REQUIRED ACTION: Repeat each record below exactly, dropping the pictures.

STUDY MATERIAL Block Start

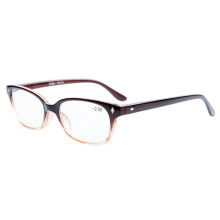 Vintage Plastic Frame Reading Glasses +1.25 Brown Clear Lightweight Readers with Spring Hinges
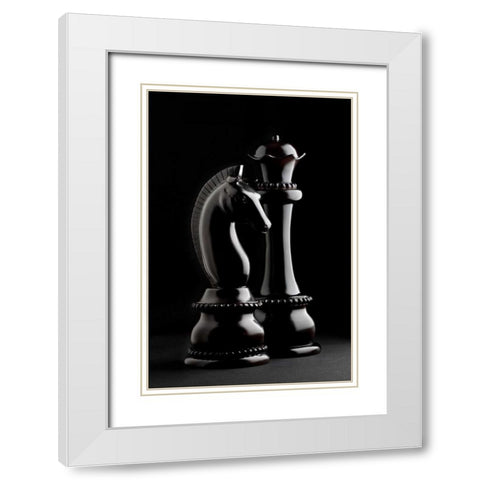 Chessmen III White Modern Wood Framed Art Print with Double Matting by McNemar, C. Thomas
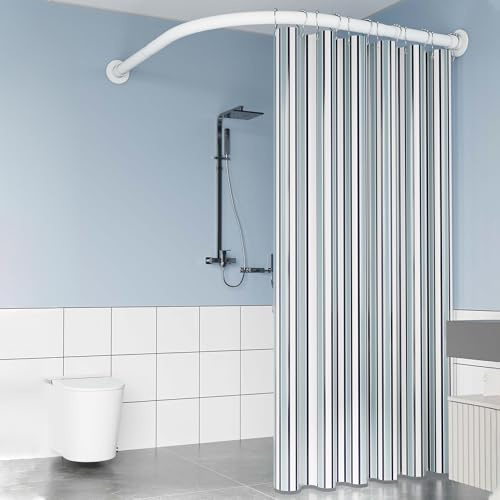 APHTOCF Barra De Cortina De Ducha En Forma De L, Barra Cortina Ducha Esquina Ajustable De Acero Inoxidable, Barra Telescópica para Bañera De 90-130x90-130cm, para Baño,Vestuario, Blanco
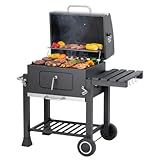Tarrington House Barbecue au Charbon de Bois Memphis, Acier, Couvercle avec Thermomètre, Tablette latérale Pliable, Bac à Cendres, Étagère inférieure, 2 Roulettes, Gris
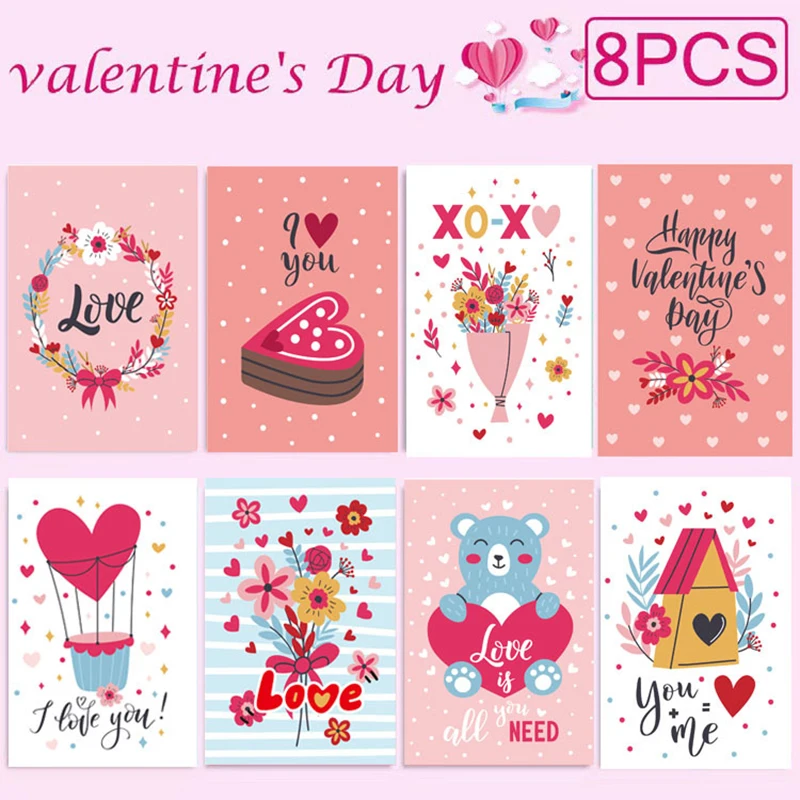 

8Pcs Valentines Day Greeting Card Wedding Decorations Invitations DIY Party Decoration Birthday Card Blessing Thank Envelope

STUDY MATERIAL Block End

EXERCISE OUTPUT:
 Vintage Plastic Frame Reading Glasses +1.25 Brown Clear Lightweight Readers with Spring Hinges
 Chessmen III White Modern Wood Framed Art Print with Double Matting by McNemar, C. Thomas
 APHTOCF Barra De Cortina De Ducha En Forma De L, Barra Cortina Ducha Esquina Ajustable De Acero Inoxidable, Barra Telescópica para Bañera De 90-130x90-130cm, para Baño,Vestuario, Blanco
Tarrington House Barbecue au Charbon de Bois Memphis, Acier, Couvercle avec Thermomètre, Tablette latérale Pliable, Bac à Cendres, Étagère inférieure, 2 Roulettes, Gris

8Pcs Valentines Day Greeting Card Wedding Decorations Invitations DIY Party Decoration Birthday Card Blessing Thank Envelope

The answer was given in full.